AIM OF THE TASK: Of the lines in the data below, write out exactly those from the one holding "индика Навашино" through the one holding "Image of Rufous-throated Dipper", both included.

(Recorded data)
========================================================================
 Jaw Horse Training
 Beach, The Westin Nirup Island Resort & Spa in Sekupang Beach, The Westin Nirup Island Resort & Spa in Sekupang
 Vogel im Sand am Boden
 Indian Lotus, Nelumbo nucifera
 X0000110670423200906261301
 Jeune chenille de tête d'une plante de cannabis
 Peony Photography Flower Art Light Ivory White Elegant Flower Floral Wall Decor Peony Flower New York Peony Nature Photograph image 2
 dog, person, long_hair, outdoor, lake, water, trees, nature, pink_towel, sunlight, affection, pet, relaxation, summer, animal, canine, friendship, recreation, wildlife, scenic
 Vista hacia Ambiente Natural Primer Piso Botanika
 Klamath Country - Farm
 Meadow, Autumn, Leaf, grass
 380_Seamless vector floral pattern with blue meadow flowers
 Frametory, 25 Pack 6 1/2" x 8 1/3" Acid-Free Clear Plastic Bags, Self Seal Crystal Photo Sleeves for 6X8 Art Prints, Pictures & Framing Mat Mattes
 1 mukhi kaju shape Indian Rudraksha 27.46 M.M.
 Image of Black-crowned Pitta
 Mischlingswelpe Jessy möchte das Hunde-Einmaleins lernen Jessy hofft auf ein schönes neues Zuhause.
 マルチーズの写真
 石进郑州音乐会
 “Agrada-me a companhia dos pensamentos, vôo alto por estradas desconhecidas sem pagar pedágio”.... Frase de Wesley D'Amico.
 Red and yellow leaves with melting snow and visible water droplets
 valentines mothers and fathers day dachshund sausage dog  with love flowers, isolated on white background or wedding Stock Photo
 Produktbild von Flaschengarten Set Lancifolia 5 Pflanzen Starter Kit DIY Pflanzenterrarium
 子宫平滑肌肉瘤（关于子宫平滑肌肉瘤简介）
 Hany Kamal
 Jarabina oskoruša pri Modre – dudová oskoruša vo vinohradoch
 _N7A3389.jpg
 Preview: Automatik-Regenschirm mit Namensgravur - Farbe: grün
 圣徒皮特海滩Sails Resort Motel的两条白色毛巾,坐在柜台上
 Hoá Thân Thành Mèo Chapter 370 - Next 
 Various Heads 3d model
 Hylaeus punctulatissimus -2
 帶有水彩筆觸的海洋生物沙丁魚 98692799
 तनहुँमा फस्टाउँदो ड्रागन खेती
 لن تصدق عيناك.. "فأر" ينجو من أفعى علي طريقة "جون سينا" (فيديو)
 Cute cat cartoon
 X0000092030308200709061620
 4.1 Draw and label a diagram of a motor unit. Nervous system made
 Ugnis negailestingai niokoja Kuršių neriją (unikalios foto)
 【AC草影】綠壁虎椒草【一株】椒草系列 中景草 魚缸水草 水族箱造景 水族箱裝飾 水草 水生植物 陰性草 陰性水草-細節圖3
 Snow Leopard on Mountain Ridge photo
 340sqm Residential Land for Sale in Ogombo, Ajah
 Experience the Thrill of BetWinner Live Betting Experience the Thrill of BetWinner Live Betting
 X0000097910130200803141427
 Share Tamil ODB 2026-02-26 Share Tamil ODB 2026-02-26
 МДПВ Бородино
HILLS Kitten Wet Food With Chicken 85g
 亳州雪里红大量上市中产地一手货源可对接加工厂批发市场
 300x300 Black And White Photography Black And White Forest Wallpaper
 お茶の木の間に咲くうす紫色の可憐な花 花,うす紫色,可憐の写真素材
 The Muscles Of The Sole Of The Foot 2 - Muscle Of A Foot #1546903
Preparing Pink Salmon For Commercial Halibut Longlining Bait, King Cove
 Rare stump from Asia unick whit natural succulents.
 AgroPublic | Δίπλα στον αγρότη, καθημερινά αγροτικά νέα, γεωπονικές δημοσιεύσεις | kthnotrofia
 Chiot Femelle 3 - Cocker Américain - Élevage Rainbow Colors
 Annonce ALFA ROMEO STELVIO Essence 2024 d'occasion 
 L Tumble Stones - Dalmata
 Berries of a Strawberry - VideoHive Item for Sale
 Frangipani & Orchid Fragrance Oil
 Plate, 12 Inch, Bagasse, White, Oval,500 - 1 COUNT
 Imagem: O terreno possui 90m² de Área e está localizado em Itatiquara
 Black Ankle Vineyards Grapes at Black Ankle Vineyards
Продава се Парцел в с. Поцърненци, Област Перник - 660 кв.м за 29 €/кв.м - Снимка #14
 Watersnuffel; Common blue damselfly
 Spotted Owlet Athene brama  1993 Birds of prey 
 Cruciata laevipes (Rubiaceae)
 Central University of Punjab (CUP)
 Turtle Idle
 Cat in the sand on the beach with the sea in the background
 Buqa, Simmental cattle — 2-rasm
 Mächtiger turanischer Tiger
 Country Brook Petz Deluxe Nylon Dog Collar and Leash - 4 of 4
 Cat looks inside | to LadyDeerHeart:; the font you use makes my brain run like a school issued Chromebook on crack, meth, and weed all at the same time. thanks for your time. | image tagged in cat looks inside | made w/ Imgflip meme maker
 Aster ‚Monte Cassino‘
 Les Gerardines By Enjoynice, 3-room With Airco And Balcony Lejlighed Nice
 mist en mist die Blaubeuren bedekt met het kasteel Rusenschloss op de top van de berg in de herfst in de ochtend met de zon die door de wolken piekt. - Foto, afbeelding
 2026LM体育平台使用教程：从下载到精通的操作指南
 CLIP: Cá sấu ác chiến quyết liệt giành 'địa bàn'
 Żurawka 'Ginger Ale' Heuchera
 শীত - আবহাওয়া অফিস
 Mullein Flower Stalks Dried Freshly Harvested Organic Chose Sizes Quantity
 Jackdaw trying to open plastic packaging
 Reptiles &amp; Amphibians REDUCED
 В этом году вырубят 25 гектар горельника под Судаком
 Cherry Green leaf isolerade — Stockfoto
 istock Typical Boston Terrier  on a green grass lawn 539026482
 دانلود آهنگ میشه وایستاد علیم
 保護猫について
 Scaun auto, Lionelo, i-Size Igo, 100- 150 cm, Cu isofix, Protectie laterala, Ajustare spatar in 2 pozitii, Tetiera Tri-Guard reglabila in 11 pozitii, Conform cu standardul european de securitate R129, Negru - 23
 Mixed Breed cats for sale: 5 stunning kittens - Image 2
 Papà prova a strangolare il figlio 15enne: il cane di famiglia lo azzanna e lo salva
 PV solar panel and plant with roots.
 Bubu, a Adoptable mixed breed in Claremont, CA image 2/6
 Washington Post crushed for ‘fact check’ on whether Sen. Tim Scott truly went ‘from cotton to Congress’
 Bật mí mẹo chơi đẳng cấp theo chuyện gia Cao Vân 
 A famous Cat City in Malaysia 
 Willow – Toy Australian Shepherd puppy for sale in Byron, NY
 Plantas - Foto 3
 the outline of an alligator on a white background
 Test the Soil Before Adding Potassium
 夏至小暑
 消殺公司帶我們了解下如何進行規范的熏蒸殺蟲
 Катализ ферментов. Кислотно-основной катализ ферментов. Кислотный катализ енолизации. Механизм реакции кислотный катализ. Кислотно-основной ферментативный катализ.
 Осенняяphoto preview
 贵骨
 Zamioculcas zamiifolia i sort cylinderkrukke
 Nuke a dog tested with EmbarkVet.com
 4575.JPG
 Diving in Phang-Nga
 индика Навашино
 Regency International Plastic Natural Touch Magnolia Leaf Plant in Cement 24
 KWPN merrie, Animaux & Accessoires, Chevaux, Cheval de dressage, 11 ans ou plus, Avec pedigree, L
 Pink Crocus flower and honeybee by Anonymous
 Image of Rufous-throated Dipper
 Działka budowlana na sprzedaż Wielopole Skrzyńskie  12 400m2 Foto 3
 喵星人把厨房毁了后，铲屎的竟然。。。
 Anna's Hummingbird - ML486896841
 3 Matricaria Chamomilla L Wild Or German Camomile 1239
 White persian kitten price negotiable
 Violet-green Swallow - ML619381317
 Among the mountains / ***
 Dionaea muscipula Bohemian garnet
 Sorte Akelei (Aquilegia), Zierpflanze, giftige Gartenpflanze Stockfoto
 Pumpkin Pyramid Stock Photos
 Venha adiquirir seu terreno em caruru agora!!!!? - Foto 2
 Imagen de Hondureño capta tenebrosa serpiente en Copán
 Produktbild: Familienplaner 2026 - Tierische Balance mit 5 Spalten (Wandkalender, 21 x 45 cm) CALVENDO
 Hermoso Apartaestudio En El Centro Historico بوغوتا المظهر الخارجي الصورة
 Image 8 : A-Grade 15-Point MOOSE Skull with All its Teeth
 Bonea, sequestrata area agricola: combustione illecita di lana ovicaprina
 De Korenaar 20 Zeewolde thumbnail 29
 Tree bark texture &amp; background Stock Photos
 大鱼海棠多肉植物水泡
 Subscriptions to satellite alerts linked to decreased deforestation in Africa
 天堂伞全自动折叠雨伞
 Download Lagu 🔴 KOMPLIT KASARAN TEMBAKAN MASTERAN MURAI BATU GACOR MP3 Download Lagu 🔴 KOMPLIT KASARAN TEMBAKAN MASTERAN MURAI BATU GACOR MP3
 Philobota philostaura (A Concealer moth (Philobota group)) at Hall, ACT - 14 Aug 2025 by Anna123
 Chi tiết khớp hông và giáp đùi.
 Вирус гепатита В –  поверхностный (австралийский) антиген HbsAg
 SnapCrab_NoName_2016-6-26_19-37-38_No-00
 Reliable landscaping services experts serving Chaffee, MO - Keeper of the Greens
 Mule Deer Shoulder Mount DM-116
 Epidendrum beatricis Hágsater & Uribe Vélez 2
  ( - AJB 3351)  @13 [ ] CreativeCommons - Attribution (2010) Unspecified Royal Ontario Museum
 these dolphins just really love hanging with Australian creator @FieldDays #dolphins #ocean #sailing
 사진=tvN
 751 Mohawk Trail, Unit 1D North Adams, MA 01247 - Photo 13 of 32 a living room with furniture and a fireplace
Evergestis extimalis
========================================================================
RESPONSE TO THIS EXERCISE:
 индика Навашино
 Regency International Plastic Natural Touch Magnolia Leaf Plant in Cement 24
 KWPN merrie, Animaux & Accessoires, Chevaux, Cheval de dressage, 11 ans ou plus, Avec pedigree, L
 Pink Crocus flower and honeybee by Anonymous
 Image of Rufous-throated Dipper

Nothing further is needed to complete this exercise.